In survival time: survival periods are mentioned and the text is a bit confusing because they are types of cancer with particular conditions, in one case it is patients with cervical cancer and also HIV, or advanced cervical cancer, or recurrent cervical cancer and treated with chemotherapy, cases of non-small cell lung cancer and gastro intestinal cancer are also mentioned, I suggest that a table be drawn up and indicate in it the most important parameters of treatment with mEHT, including survival time.

Figure 1 shows the survival results from a pool of six mEHT studies, in which the diagnosis times and the probability of survival are observed, and it is not described how the curve marked as No. 7 is generated. And the results seem to indicate that the diagnosis time does not matter, since the probability of survival is similar.  I suggest that the table indicate that the studies correspond to cases of glioblastoma.

I also suggest including two recent studies where the effects of mEHT treatment on patient survival are clear (Modulated electrohyperthermia in locally advanced cervical cancer: Results of an observational study of 95 patients. Lee, Sun Young; Lee, Dong Hyun; Cho, Dong-Hyu. Medicine. 102(3):e32727, January 20, 2023. https://doi.org/10.1097%2FMD.0000000000032727

Meta-Analysis of Modulated Electro-Hyperthermia and Tumor Treating Fields in the Treatment of Glioblastomas. Attila Marcell Szasz, Elisabeth Estefanía Arrojo Alvarez, Giammaria Fiorentini, Magdolna Herold, Zoltan Herold, Donatella Sarti and Magdolna Dank. Cancers 2023, 15(3), 880; https://doi.org/10.3390/cancers15030880)
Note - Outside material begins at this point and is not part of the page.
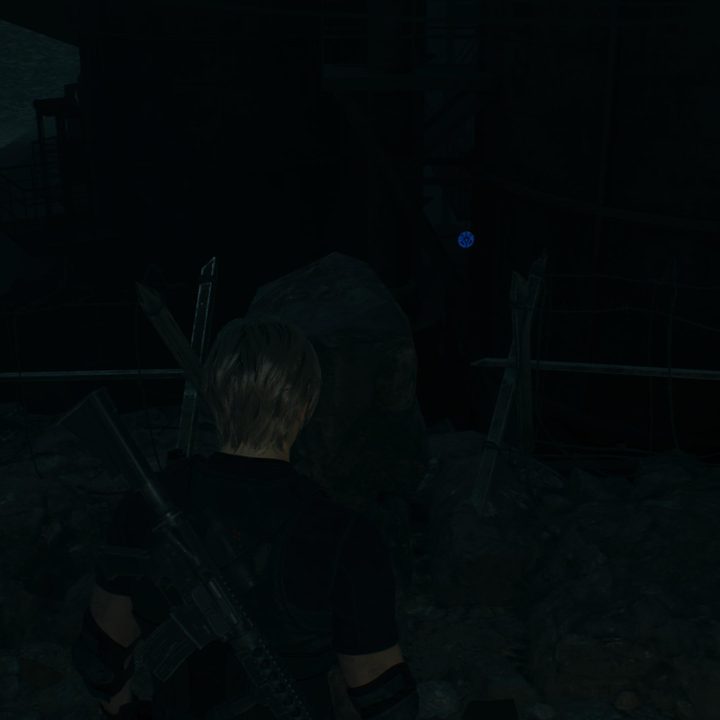 Leon looks at a blue medallion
The discussion does not include elements that are important in the evaluation, such as the heterogeneous impedance properties of tumor cells, the high density of rafts in membranes, and the pathological (spatio-temporal) arrangements of tumor cells (see references [Andras Szasz, (2020) Towards the Immunogenic Hyperthermic Action: Modulated ElectroHyperthermia. Clinical Oncology and Research DOI: 10.31487/j.COR.2020.09.07; Andras Szasz (2021). The Capacitive Coupling Modalities for Oncological Hyperthermia Open Journal of Biophysics vol. 11. No. 3. DOI: 10.4236/ojbiphy.2021.113010].

Author Response

Answer to the third Reviewer

Thank you very much for your valuable comments. All your remarks, comments, requests are included and explained in the corrected text.

The submission has altogether a considerable extension.
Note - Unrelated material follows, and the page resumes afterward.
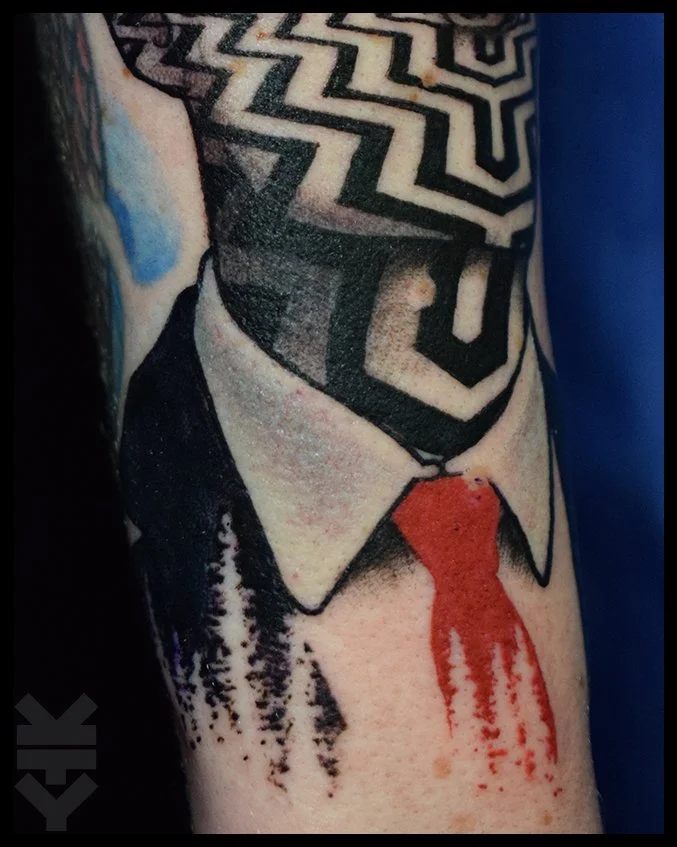 Tattoo of a man's shirt collar and tie, with a black and white maze-like pattern on the face, and blood dripping from the tie. twin peaks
Thanks again for your critical proposals.

On behalf of the authors:

Marcell A. Szasz

Author Response File: Author Response.docx

Round 2

Reviewer 2 Report

Lines 679-683 The selected energy absorption of rafts heats the TME and tissues to a lesser extent. The standard applied SAR in nanoparticles, considering their weight heating, is 0.1-1.5 MW/kg. The approximation of the absorbed power of rafts in selection is SAR>1 MW/kg, which is similar to the standard MNP energies.

The MNPs distribution is heterogeneous and furthermore they re-distribute during heating induced under the exposure of alternating magnetic fields. Magnetic nanoparticles migrate from the region of higher concentration to the region of lower concentration due to change of interstitial space (tumor microenvironment) [https://doi.org/10.1016/j.icheatmasstransfer.2021.105393]. Specific Absorption Rate of magnetic nanoparticles is recently expressed using microCT image guidance [https://doi.org/10.1016/j.ijthermalsci.2022.107996]. Include such recent developments under this comprehensive review.

Please proof-read your work.

Author Response

Dear Reviewer,

We had accepted all the comments and corrected the text. 

Please see the new submission according to the kind request of the Reviewers.